Microsoft planted the seeds with an internal document earlier this year, detailing ways for Windows Phone and Android to coexist on the same hardware.

The document talks about scenarios such as eliminating licensing fees for OEMs running Windows Phone, letting users make an in-store decision of Android or Windows Phone, or even a device that switches between the two OSes simultaneously. 
While pundits wondered why in the world a user would want both Windows Phone and Android on the same device, at least one company has seen a benefit. Intel announced its dual OS platforms Monday that can toggle between Windows and Android with the push of a button. 

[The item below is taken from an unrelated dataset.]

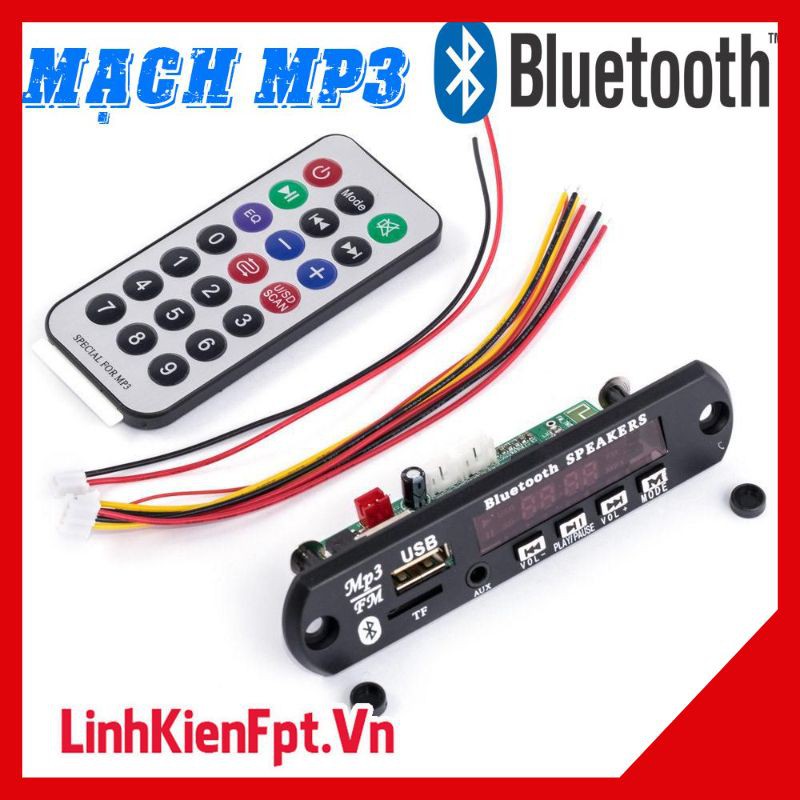 Mạch Thu Bluetooth MP3 , Mạch Giải Mã Bluetooth .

What’s the advantage for users? According to Intel CEO Brian Krzanich, “You don’t have to make a choice going forward. You can have both,” he said during his keynote at the opening of the Consumer Electronics Show in Las Vegas yesterday. 
Still seems like a flimsy reason to stuff two OSes together, doing the same things and that serve no benefit for each other by coexisting on the same device. But Intel isn’t the only company to jump on the bandwagon. 
Asus announced the Transformer Book Duet TD300 Monday, a convertible laptop/tablet hybrid that can dual boot between Windows 8.1 and Android 4.1 Jelly Bean. Soon after, AMD announced a partnership with BlueStacks to bring “the full Android OS experience” to Windows PCs. 
Arguments for dual booting have pointed out that a number of games on Android are not available on Windows Phone, and that it would stop Google from blocking services such as Google Drive, Gmail and YouTube on Windows Phone. 
Either way, three companies announcing the capability prove the dual boot isn’t a fluke. The question is whether a device running Windows and Android is necessary in the least.